Markov Chain Monte Carlo (MCMC)

MCMC is a method for generating samples from complex probability distributions that are difficult to sample from directly. It works by designing transition probabilities so that the stationary distribution of a Markov chain matches the target distribution, and then simulating that Markov chain to generate samples.

Among the sequence of samples \(x^{(1)}, x^{(2)}, \dots\) generated by MCMC, the initial samples are strongly influenced by the starting value of the Markov chain. These are discarded as the burn-in period. Samples from after a sufficiently long burn-in period (\(x^{(t)}, x^{(t+1)}, \dots\) for sufficiently large \(t\)) are used for inference.
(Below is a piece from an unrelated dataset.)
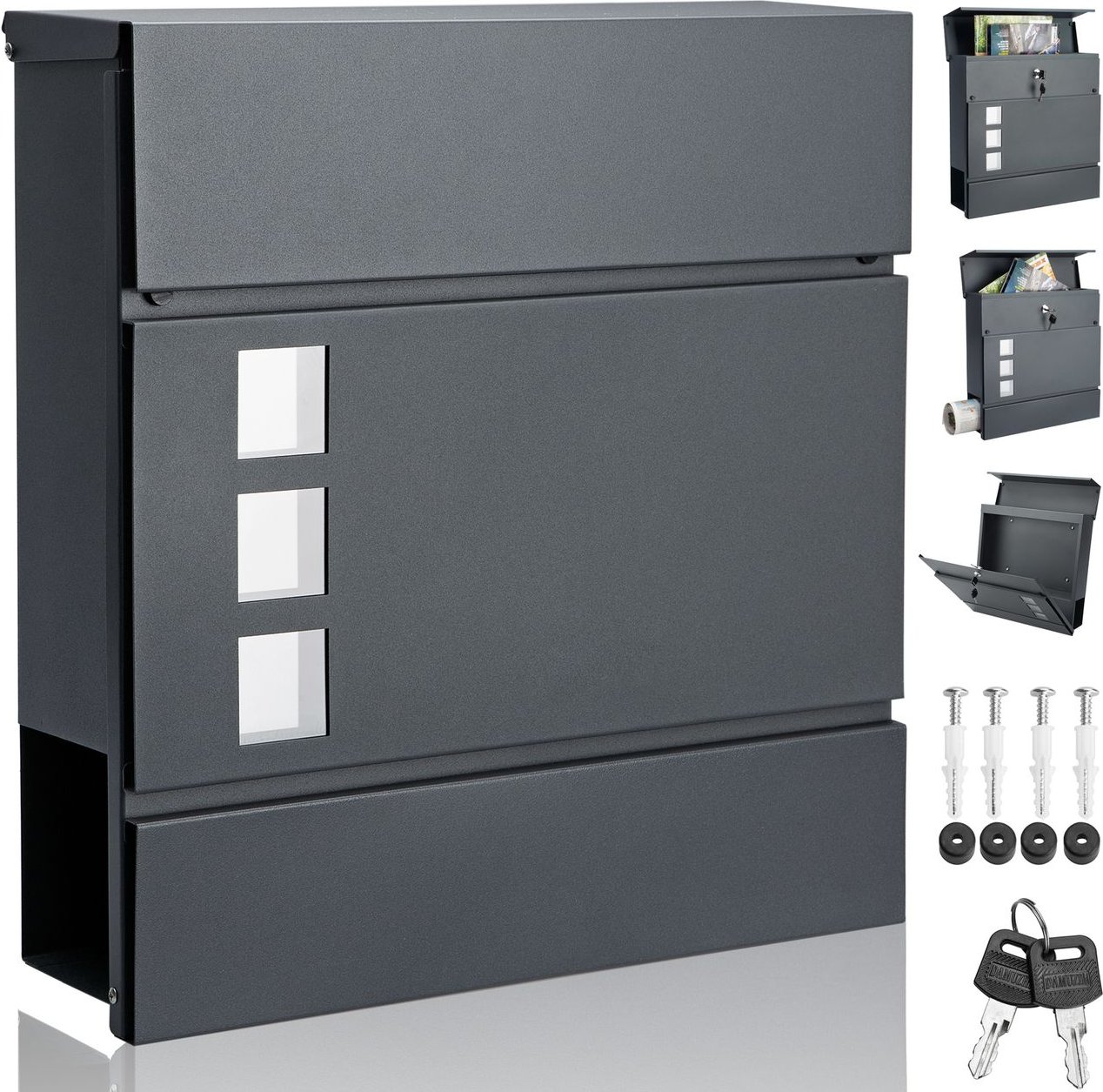 monzana Briefkasten Designer mit Sichtfenster 37 x 36,5 x 11cm anthrazit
One of the most widely used MCMC algorithms is the Metropolis-Hastings algorithm.

Metropolis-Hastings Algorithm

Suppose we want to obtain samples from a target distribution \(p(x)\).
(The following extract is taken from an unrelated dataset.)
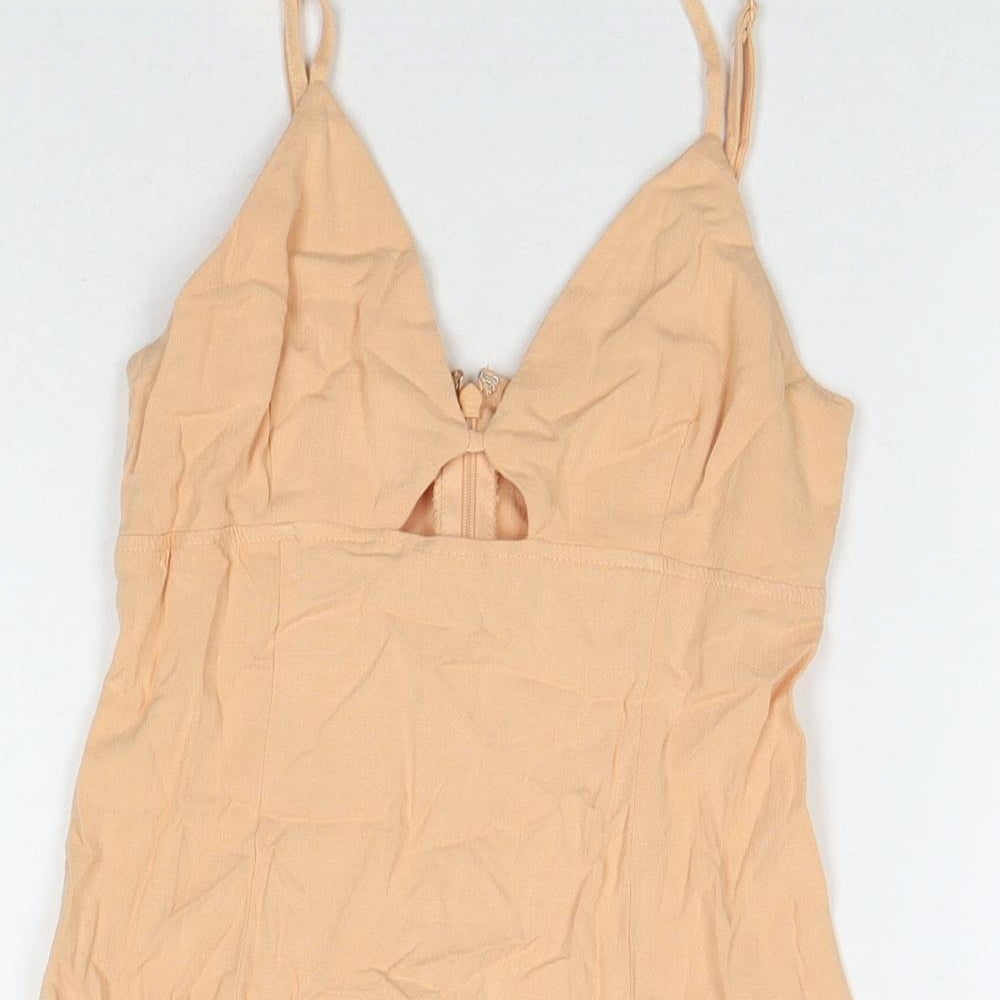 H&M Womens Orange Viscose Mini Size XS V-Neck Zip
  1. Set an initial state \(x^{(1)}\) randomly.
  2. Repeat the following steps (\(t=1, 2, \dots\)): a. From the current state \(x^{(t)}\), sample a new candidate state \(\hat{y}\) from the proposal distribution \(q(\hat{y}|x^{(t)})\). b. Compute the acceptance probability \(\alpha(x^{(t)}, \hat{y})\). \( \alpha(x^{(t)}, \hat{y}) = \min\left(1, \frac{p(\hat{y})q(x^{(t)}|\hat{y})}{p(x^{(t)})q(\hat{y}|x^{(t)})}\right) \) Here, \(p(x)\) is the target distribution. c. Generate a uniform random number \(u\) from \([0, 1]\). If \(u < \alpha(x^{(t)}, \hat{y})\), accept the candidate \(\hat{y}\) as the next state \(x^{(t+1)}\). Otherwise, set \(x^{(t+1)} = x^{(t)}\) and remain in the current state.

By repeating this process, the generated sequence converges to the target distribution \(p(x)\).

References

  • Taro Tezuka, “Understanding Bayesian Statistics and Machine Learning,” Kodansha (2017)